--- DATASET EXTRACT Enclosed Below ---
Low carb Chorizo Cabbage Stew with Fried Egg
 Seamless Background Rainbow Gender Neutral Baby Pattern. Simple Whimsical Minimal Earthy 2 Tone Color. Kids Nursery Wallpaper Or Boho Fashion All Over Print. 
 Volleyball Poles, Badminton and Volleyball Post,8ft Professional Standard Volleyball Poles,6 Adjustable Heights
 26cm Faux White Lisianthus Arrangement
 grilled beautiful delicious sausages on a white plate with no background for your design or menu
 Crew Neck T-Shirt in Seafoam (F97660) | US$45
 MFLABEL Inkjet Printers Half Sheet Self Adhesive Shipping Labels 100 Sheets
--- End of Enclosed DATASET EXTRACT ---
__PROBLEM__. Everything in the listing should be transcribed exactly.

__SOLUTION FOR THIS PROBLEM__.
Low carb Chorizo Cabbage Stew with Fried Egg
 Seamless Background Rainbow Gender Neutral Baby Pattern. Simple Whimsical Minimal Earthy 2 Tone Color. Kids Nursery Wallpaper Or Boho Fashion All Over Print. 
 Volleyball Poles, Badminton and Volleyball Post,8ft Professional Standard Volleyball Poles,6 Adjustable Heights
 26cm Faux White Lisianthus Arrangement
 grilled beautiful delicious sausages on a white plate with no background for your design or menu
 Crew Neck T-Shirt in Seafoam (F97660) | US$45
 MFLABEL Inkjet Printers Half Sheet Self Adhesive Shipping Labels 100 Sheets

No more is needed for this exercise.